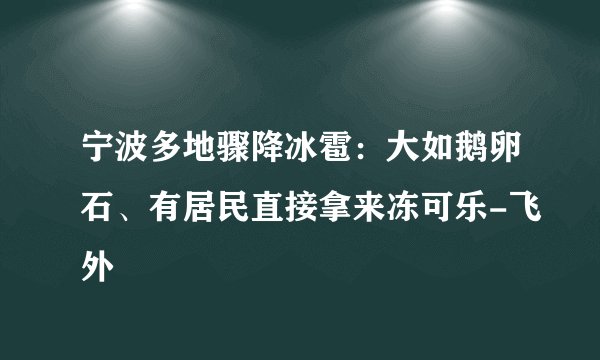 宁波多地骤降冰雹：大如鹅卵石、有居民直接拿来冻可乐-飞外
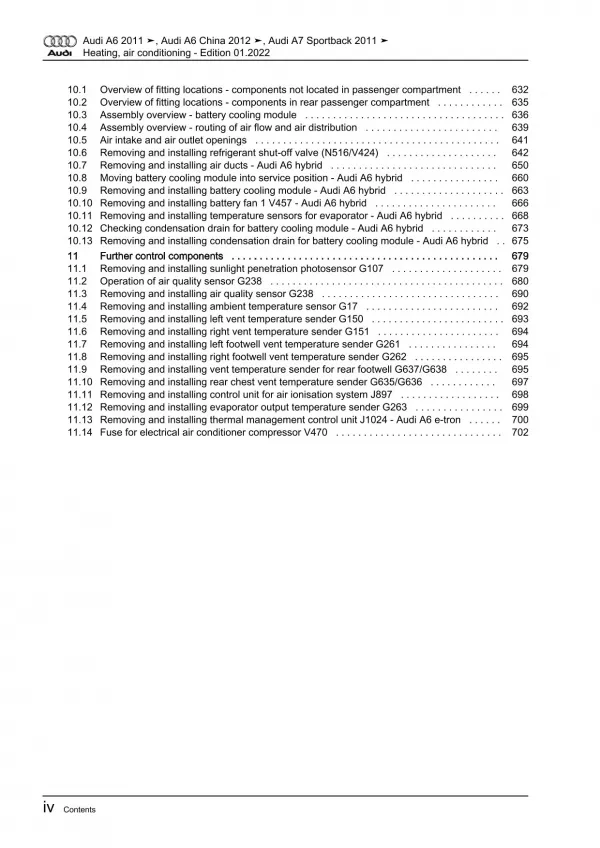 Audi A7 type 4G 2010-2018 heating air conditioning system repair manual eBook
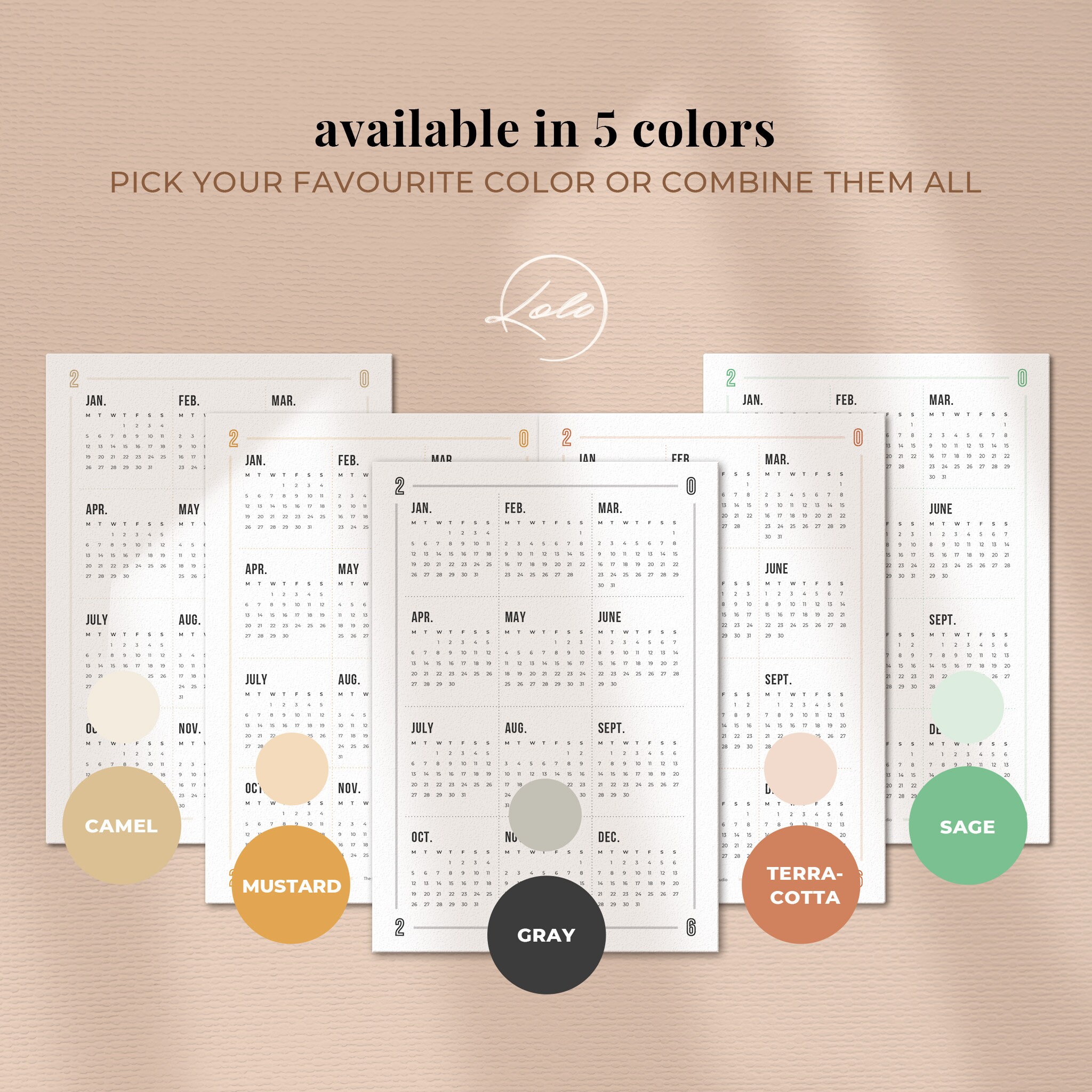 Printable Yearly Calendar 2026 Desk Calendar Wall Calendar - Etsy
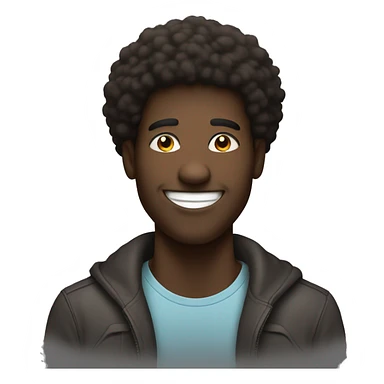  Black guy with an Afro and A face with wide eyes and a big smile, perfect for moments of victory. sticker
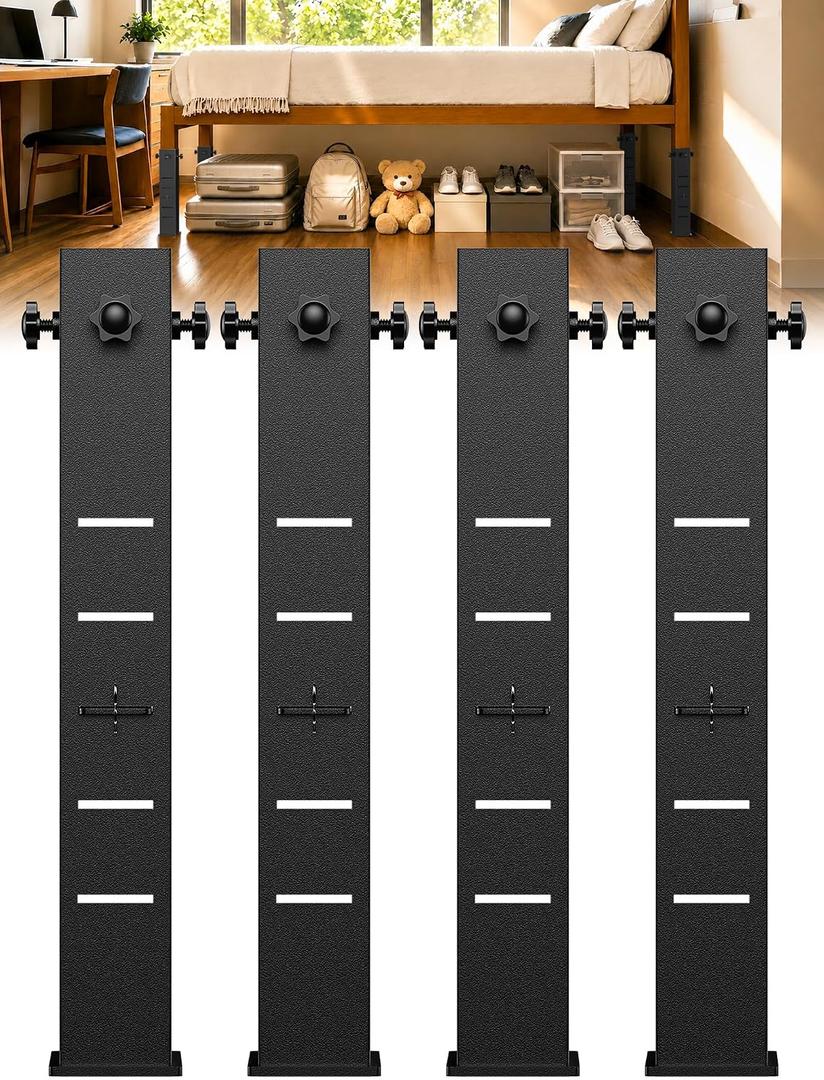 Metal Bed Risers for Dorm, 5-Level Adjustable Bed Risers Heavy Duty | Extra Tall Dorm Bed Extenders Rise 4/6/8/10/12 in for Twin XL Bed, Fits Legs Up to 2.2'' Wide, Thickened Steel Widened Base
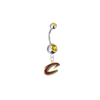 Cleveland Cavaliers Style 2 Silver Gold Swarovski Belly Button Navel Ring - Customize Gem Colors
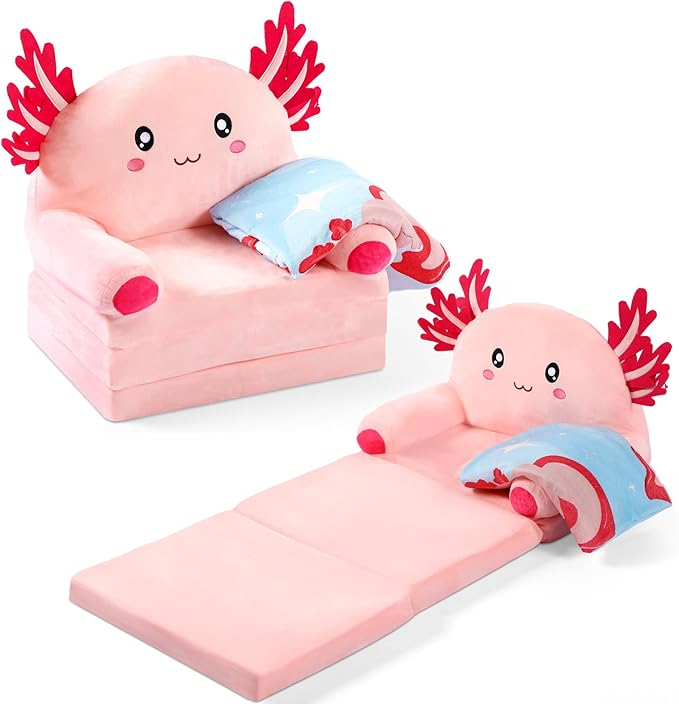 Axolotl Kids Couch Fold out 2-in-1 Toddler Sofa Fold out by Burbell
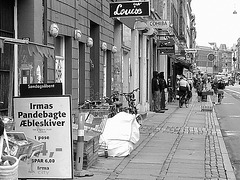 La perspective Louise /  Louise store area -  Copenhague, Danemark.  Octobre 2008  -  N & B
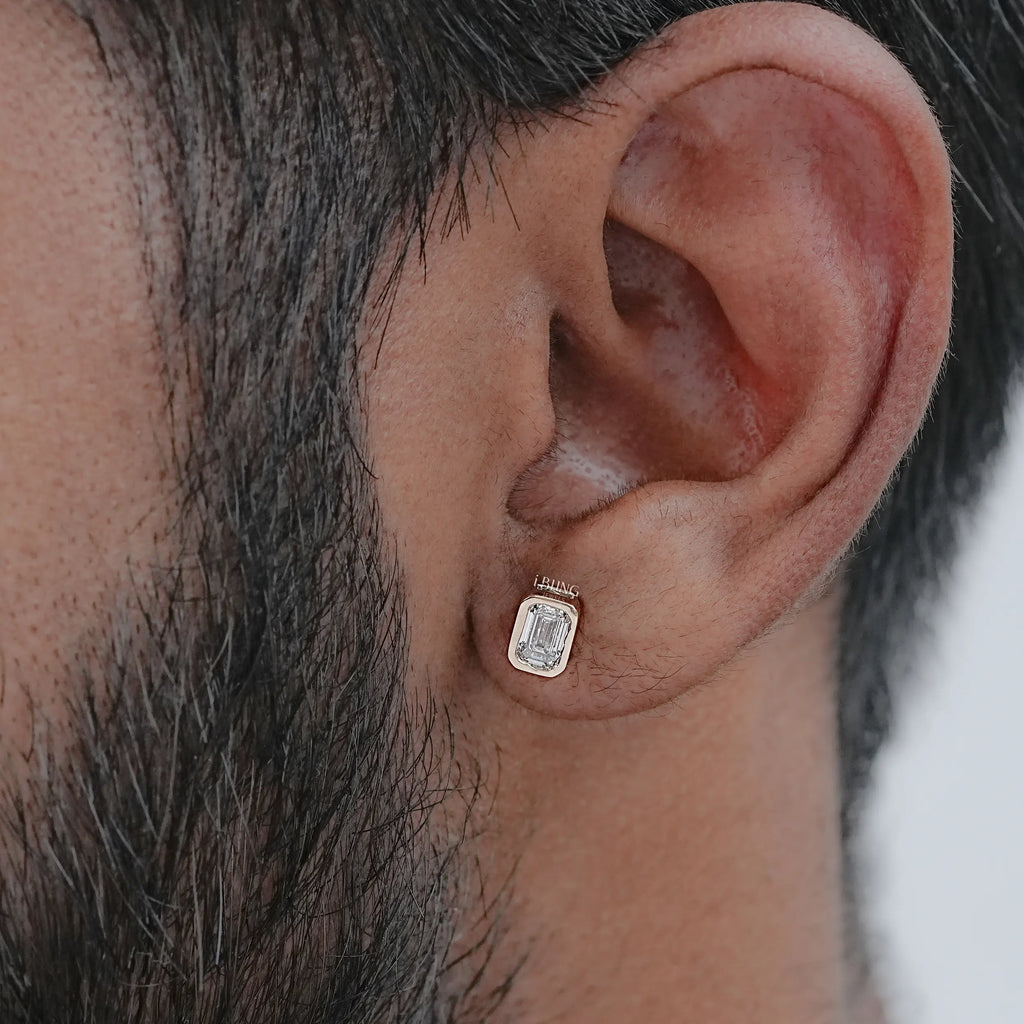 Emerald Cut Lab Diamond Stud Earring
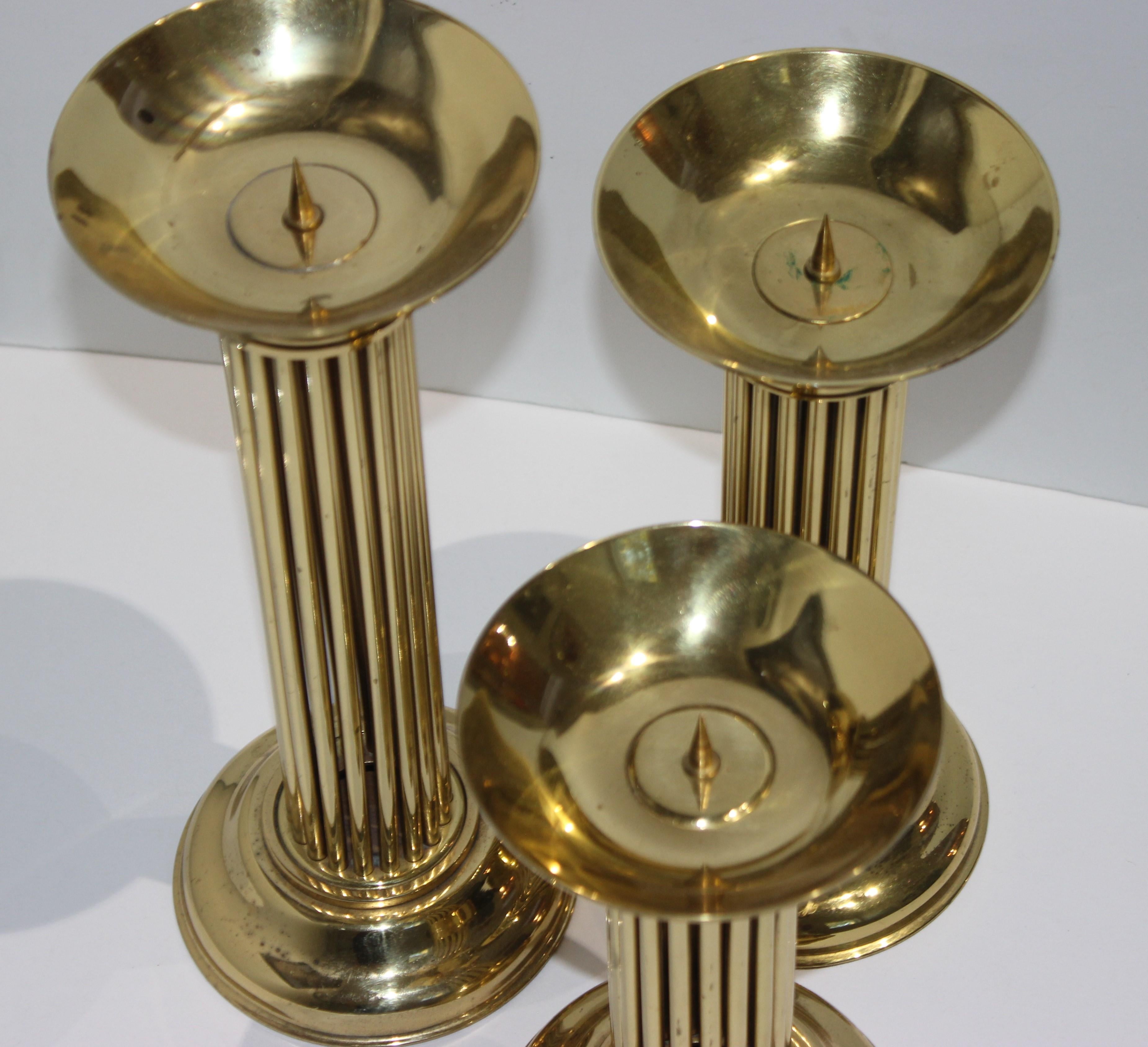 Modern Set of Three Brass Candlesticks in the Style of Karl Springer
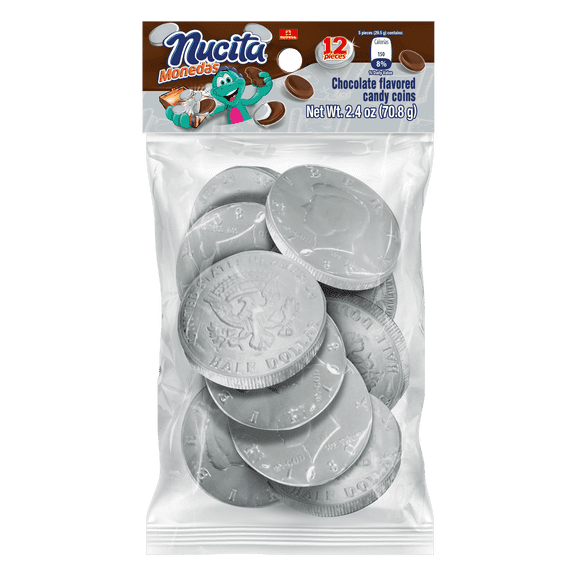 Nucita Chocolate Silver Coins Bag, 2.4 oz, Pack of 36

########################################

▶ [AIM OF THE TASK]:
Print out every entry above without changing a word, and leave out the pictures.

▶ [ANSWER TO THIS EXERCISE]:
 宁波多地骤降冰雹：大如鹅卵石、有居民直接拿来冻可乐-飞外
 Audi A7 type 4G 2010-2018 heating air conditioning system repair manual eBook
 Printable Yearly Calendar 2026 Desk Calendar Wall Calendar - Etsy
  Black guy with an Afro and A face with wide eyes and a big smile, perfect for moments of victory. sticker
 Metal Bed Risers for Dorm, 5-Level Adjustable Bed Risers Heavy Duty | Extra Tall Dorm Bed Extenders Rise 4/6/8/10/12 in for Twin XL Bed, Fits Legs Up to 2.2'' Wide, Thickened Steel Widened Base
 Cleveland Cavaliers Style 2 Silver Gold Swarovski Belly Button Navel Ring - Customize Gem Colors
 Axolotl Kids Couch Fold out 2-in-1 Toddler Sofa Fold out by Burbell
 La perspective Louise /  Louise store area -  Copenhague, Danemark.  Octobre 2008  -  N & B
 Emerald Cut Lab Diamond Stud Earring
 Modern Set of Three Brass Candlesticks in the Style of Karl Springer
 Nucita Chocolate Silver Coins Bag, 2.4 oz, Pack of 36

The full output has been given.